One thought is that there are containment relationships implied by the combination of markers which could help place terms in the hierarchy. I also wonder if we can make uses of gene name synonym lists to canonicalize these marker lists? One synonym I see a lot: CD137 <--> 4-1BB. We can then use mappings back to the protein ontology and hierarchical structures that have been built on that (e.g. families of cytokine receptors) to have additional structure to use to compare to the embedding results.

Remove tokens in terms relating to unwanted dimensions of characterization

I wonder if there is a way to do this pruning in a way that's not totally manual. We're also getting into "noun phrase internal" relation extraction territory a bit when we consider complex noun phrases like "IL17-producing CD4+ T cells". There's also a lot of structured metadata we could collect from these phrases, as you have outlined in your first comment on this thread. It may be that we are collecting attributes of an entity as well as inferring the entity type.

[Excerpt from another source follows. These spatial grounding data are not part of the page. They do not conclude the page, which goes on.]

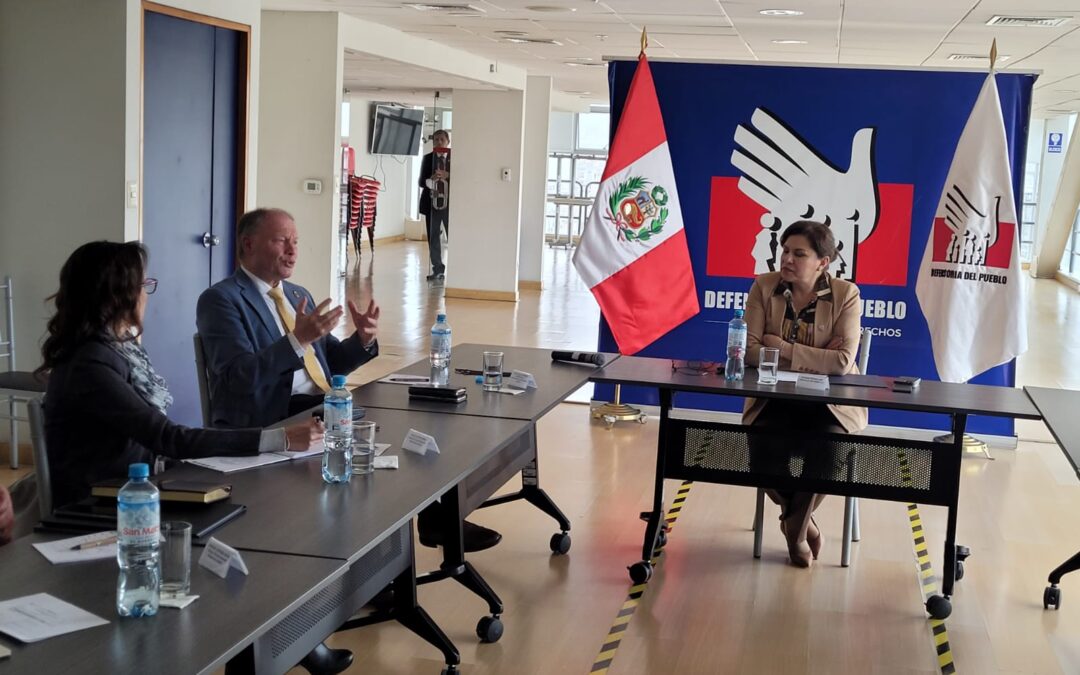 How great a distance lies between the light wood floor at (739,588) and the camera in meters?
3.85

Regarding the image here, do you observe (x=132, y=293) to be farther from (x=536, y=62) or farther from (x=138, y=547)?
(x=536, y=62)

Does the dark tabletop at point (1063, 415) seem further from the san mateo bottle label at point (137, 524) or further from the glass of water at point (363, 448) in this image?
the san mateo bottle label at point (137, 524)

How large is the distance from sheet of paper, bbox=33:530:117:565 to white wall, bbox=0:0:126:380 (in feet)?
12.4

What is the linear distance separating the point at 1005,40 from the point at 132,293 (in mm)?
7732

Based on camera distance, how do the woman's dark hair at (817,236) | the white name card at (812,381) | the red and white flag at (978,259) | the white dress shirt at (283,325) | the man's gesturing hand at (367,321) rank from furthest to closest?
the red and white flag at (978,259) → the woman's dark hair at (817,236) → the white name card at (812,381) → the man's gesturing hand at (367,321) → the white dress shirt at (283,325)

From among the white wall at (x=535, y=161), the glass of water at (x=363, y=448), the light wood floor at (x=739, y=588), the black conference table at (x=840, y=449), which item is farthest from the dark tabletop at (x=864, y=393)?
the white wall at (x=535, y=161)

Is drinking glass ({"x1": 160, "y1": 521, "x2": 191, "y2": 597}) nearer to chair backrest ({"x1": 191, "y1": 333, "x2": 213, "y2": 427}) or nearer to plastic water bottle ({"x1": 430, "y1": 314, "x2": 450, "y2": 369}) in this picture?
chair backrest ({"x1": 191, "y1": 333, "x2": 213, "y2": 427})

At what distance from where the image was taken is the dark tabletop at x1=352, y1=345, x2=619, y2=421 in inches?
153

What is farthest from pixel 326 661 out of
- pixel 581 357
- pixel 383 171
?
pixel 383 171

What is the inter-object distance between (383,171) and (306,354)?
57.9 ft

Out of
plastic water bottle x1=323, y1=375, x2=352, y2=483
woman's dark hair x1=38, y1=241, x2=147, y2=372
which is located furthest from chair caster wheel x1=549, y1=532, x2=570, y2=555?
woman's dark hair x1=38, y1=241, x2=147, y2=372

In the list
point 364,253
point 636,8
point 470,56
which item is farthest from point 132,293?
point 364,253

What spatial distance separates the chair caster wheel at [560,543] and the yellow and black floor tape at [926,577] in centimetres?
134

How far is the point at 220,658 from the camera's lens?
6.00ft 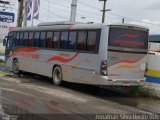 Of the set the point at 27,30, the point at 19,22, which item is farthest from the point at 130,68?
the point at 19,22

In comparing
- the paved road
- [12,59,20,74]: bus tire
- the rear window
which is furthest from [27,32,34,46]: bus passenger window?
the rear window

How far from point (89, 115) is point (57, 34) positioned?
26.3 feet

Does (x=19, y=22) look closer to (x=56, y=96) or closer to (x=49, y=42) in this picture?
(x=49, y=42)

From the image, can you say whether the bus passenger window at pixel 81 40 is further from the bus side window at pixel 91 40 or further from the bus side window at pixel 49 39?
the bus side window at pixel 49 39

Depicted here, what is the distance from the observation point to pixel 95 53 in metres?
14.6

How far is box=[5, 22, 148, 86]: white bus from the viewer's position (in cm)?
1431

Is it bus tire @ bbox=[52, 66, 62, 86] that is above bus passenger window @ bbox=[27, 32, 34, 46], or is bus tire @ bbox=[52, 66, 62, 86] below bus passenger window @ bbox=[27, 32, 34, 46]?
below

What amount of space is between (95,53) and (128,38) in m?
1.44

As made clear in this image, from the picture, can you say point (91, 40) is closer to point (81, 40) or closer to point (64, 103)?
point (81, 40)

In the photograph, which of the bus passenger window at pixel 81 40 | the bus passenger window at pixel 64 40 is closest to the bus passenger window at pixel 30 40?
the bus passenger window at pixel 64 40

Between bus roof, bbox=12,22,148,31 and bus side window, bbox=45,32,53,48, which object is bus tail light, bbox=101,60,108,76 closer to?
bus roof, bbox=12,22,148,31

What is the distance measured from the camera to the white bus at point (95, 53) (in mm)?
→ 14312

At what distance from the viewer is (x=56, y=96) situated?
1355 cm

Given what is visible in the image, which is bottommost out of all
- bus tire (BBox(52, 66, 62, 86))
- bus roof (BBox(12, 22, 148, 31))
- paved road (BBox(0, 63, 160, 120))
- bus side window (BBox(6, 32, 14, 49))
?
paved road (BBox(0, 63, 160, 120)) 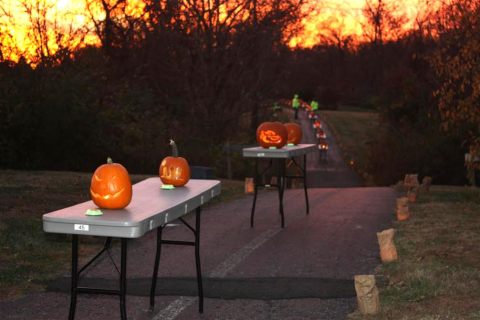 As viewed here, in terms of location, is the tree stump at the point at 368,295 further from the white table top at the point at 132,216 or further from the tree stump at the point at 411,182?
the tree stump at the point at 411,182

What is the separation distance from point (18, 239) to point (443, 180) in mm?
26708

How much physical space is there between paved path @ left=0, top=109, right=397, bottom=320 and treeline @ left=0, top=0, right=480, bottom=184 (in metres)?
3.83

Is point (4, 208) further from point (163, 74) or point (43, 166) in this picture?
point (163, 74)

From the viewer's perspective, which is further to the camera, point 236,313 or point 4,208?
point 4,208

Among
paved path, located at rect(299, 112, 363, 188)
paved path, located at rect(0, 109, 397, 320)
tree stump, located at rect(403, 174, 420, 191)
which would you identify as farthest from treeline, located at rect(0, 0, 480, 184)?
paved path, located at rect(0, 109, 397, 320)

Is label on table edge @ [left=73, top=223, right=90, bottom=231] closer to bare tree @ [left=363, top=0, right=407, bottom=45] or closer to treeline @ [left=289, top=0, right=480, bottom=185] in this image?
treeline @ [left=289, top=0, right=480, bottom=185]

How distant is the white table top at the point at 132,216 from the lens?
4.46m

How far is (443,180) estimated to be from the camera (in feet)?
109

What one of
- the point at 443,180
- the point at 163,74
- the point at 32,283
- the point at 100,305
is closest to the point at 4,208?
the point at 32,283

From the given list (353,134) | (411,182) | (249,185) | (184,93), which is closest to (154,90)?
(184,93)

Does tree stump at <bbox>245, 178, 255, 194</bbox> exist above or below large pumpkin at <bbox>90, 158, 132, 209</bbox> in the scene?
below

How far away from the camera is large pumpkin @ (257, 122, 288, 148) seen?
37.3 feet

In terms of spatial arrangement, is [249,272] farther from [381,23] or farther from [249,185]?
[381,23]

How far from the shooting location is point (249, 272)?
8125 millimetres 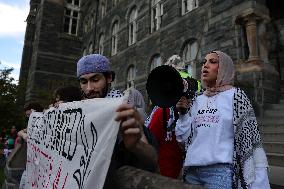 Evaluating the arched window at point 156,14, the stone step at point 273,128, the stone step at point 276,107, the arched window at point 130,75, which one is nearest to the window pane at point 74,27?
the arched window at point 130,75

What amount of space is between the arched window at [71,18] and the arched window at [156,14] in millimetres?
11856

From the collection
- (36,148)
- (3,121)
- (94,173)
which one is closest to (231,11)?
(36,148)

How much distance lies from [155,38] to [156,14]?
1357mm

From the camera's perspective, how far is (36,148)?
8.18 feet

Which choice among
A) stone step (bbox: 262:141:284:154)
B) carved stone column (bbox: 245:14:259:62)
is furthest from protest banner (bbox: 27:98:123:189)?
carved stone column (bbox: 245:14:259:62)

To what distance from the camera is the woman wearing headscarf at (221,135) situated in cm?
218

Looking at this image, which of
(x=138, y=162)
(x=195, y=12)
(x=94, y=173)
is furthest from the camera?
(x=195, y=12)

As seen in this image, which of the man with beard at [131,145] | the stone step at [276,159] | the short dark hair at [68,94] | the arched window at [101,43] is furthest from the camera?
the arched window at [101,43]

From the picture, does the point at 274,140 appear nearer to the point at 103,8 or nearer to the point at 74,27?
the point at 103,8

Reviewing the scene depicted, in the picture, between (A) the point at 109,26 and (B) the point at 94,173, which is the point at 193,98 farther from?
(A) the point at 109,26

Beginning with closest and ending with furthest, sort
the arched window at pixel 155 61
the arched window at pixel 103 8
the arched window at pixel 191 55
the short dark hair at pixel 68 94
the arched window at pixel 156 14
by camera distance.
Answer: the short dark hair at pixel 68 94 → the arched window at pixel 191 55 → the arched window at pixel 155 61 → the arched window at pixel 156 14 → the arched window at pixel 103 8

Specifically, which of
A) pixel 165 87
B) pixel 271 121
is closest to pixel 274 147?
pixel 271 121

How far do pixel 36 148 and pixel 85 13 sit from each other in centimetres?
2464

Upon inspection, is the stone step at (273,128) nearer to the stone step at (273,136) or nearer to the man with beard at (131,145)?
the stone step at (273,136) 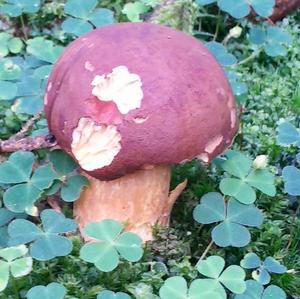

One thing I'm struggling with for our problem: the distinction between entities and entity types. These papers rarely if ever discuss individual entities (i.e. cells); they're almost always talking about properties of a collection of cells distinguished by their entity type.

I found the distinction between "universals" and "defined classes" in the BFO book to be useful in this context. I think an "entity type" corresponds to a "universal", while entity attributes can be used to name "defined classes". What we're trying to figure out is when a token or phrase distinguishes a novel universal versus when it's just an attribute that can be used to organize "defined classes".

The biggest hole I can see in that plan is that there will be a ton of synonymous terms on the same level

That's a great observation. It does seem like their method needs a second form of "conflict resolution" which involves finding terms on the same level that are actually just synonyms; they can then remove all but one of the terms in that round. Does the CL provide synonym lists for their terms? Seems like they should.